EmbodMocap: In-the-Wild 4D Human-Scene Reconstruction for Embodied Agents
Wenjia Wang, Liang Pan, Huaijin Pi, Yuke Lou, Xuqian Ren, Yifan Wu, Zhouyingcheng Liao, Lei Yang, Rishabh Dabral, Christian Theobalt, Taku Komura
2026-02-27
Summary
This paper introduces a new way to record human movement and the surrounding environment using just two iPhones, creating a dataset called EmbodMocap.
What's the problem?
Currently, capturing realistic human motion data for training robots or virtual characters is difficult and expensive, often requiring specialized studios with lots of equipment or people wearing bulky sensors. This limits how much data can be collected in real-world settings, which are much more varied and useful for training AI.
What's the solution?
The researchers developed a system where two iPhones, while being moved around, simultaneously record video and depth information. They then use clever software to combine these recordings and create a 3D reconstruction of both the person and the environment around them, all without needing a fixed camera setup or markers on the person.
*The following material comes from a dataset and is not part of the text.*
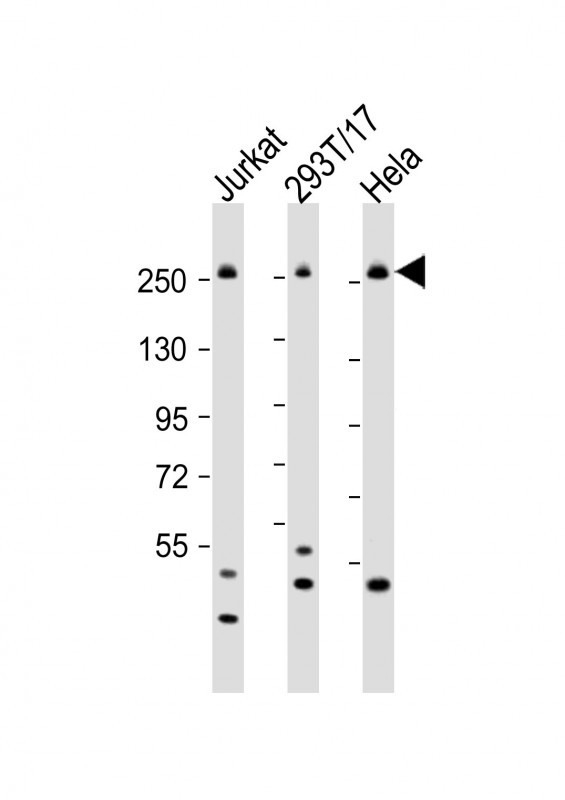 Rabbit Polyclonal Antibody to CAD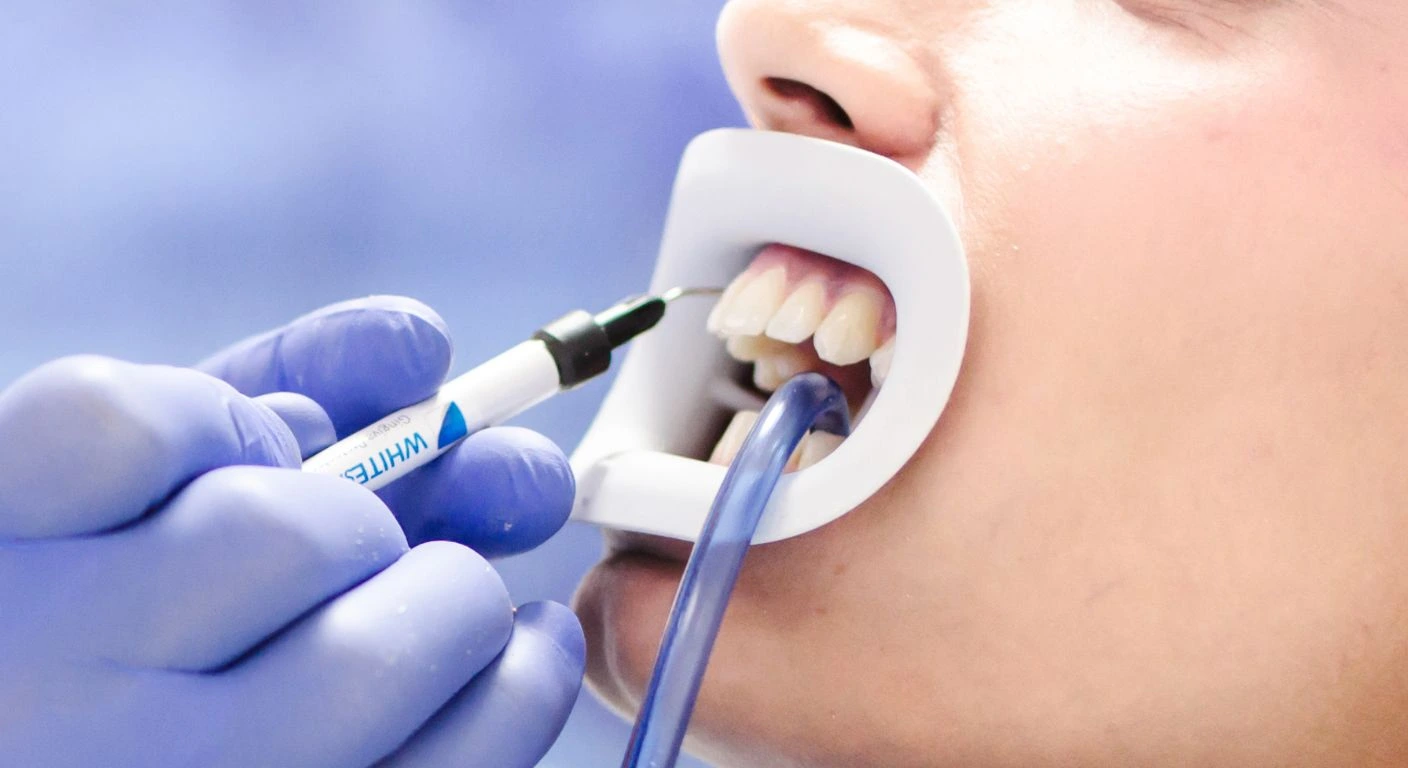 aplicacion-de-blanqueamiento-dental-profesional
This allows for accurate motion capture in everyday places.
Why it matters?
This research is important because it makes it much easier and cheaper to collect large amounts of data about how people move in the real world. This data can then be used to improve AI systems that need to understand and interact with the physical world, like robots learning to perform tasks or virtual characters behaving more realistically.
Abstract
Human behaviors in the real world naturally encode rich, long-term contextual information that can be leveraged to train embodied agents for perception, understanding, and acting. However, existing capture systems typically rely on costly studio setups and wearable devices, limiting the large-scale collection of scene-conditioned human motion data in the wild. To address this, we propose EmbodMocap, a portable and affordable data collection pipeline using two moving iPhones. Our key idea is to jointly calibrate dual RGB-D sequences to reconstruct both humans and scenes within a unified metric world coordinate frame. The proposed method allows metric-scale and scene-consistent capture in everyday environments without static cameras or markers, bridging human motion and scene geometry seamlessly. Compared with optical capture ground truth, we demonstrate that the dual-view setting exhibits a remarkable ability to mitigate depth ambiguity, achieving superior alignment and reconstruction performance over single iphone or monocular models. Based on the collected data, we empower three embodied AI tasks: monocular human-scene-reconstruction, where we fine-tune on feedforward models that output metric-scale, world-space aligned humans and scenes; physics-based character animation, where we prove our data could be used to scale human-object interaction skills and scene-aware motion tracking; and robot motion control, where we train a humanoid robot via sim-to-real RL to replicate human motions depicted in videos. Experimental results validate the effectiveness of our pipeline and its contributions towards advancing embodied AI research.